Sunday, June 15, 2008

Narrow Domestic Walls...

Today, I was just browsing through my blogger friends' blogs and I came across a wonderful poem posted here about yin and yang which set my mind whirring. One thing led to another and yet another until I remembered Rabindranath Tagore's Gitanjali. I'm quoting it here.


Mind Without Fear

Where the mind is without fear and the head is held high;
Where knowledge is free;
Where the world has not been broken up
into fragments by narrow domestic walls;

Where words come out from the depth of truth;
Where tireless striving stretches its arms towards perfection;
Where the clear stream of reason
has not lost its way into the dreary desert sand of dead habit;

Where the mind is led forward by thee into ever-widening thought and action;
Into that heaven of freedom, my Father, let my country awake.


This used to be my Assembly Prayer in school. Everyday in the afternoon, as soon as we reached school, we were made to stand in the school assembly grounds and "sing" a Hindi Prayer, followed by the above poem from Gitanjali and then made to recite the pledge. I used to think it was an ordeal undergoing all this every single day of school and I used to recite it without ever trying to understand the meaning of it.

And then sometime last year, when I was in the US, I visited my friends in Milwaukee. My friend is a bengali married to a UP-ite. Of course the UP-ite is also my dear friend - all of us studied in the same engineering college. During the course of a conversation, my bengali friend's parents talked about Rabindranath Tagore and his poem collection Gitanjali and in particular this poem.

Impromptu, I told them that I used to recite this poem everyday when I was in school. My friend's father then immediately recited the Bengali version of the same poem. Later, after coming back from Milwaukee, I decided to google it because I wasnt able to recollect the complete poem.

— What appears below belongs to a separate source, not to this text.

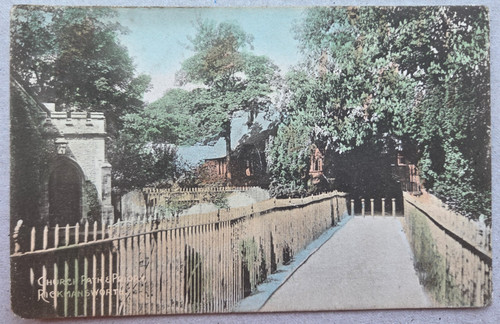 Rickmansworth coloured - rickmansworth,
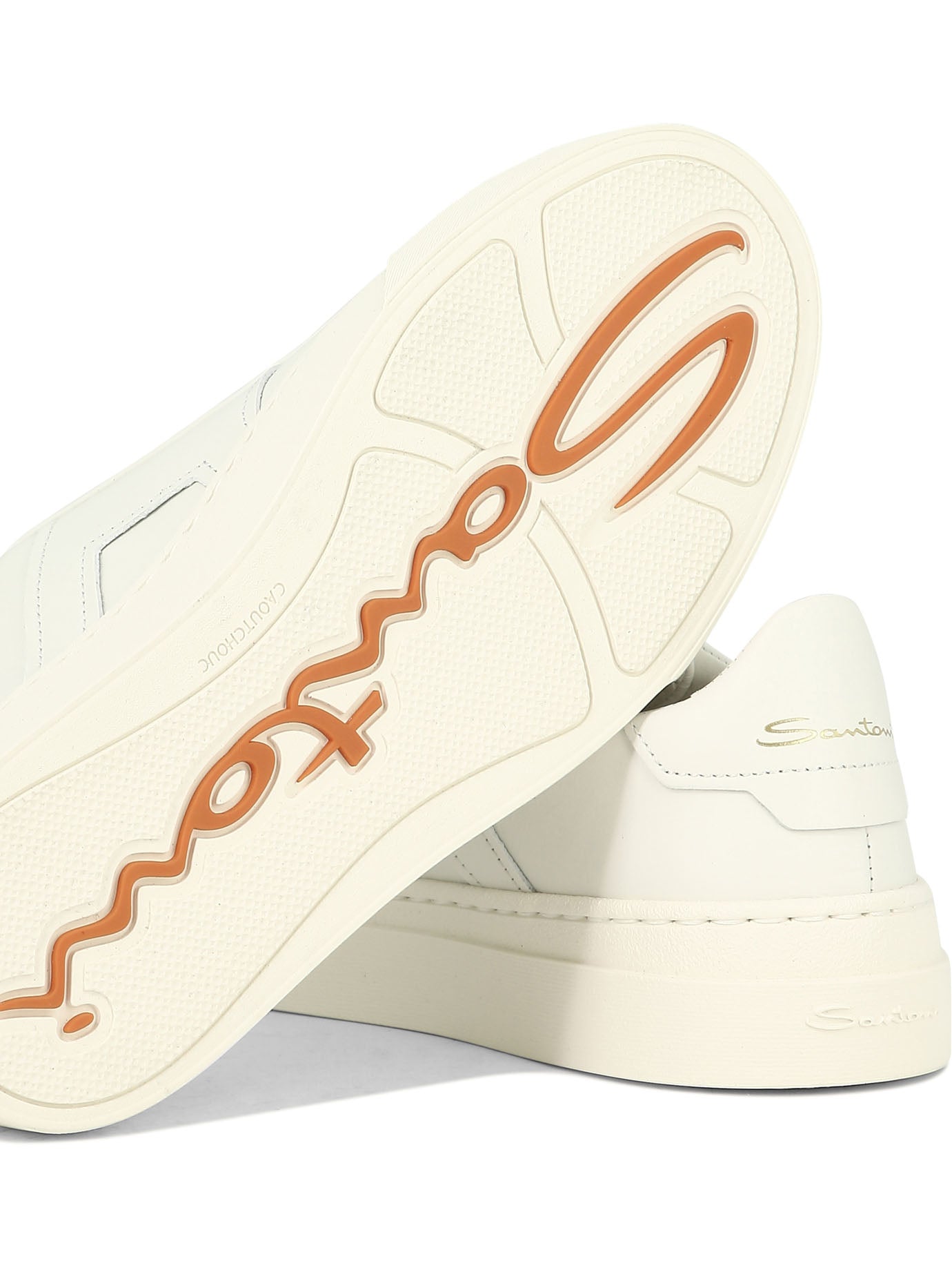 Santoni Sneakers Basse Con Lacci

I found it at the link here

I read each and every line and then read it again and then re-read it again and again and yet again, each time reading it slower than the previous time. Trying to understand the meaning comprehend Tagore's logic behind the composition. It made sense.

It made sense THEN.
It makes sense NOW.


The poem is so relevant even in today's scenario although it was written as far back as 1912.

I have nothing further to say dear Mr. Tagore. I rest my case.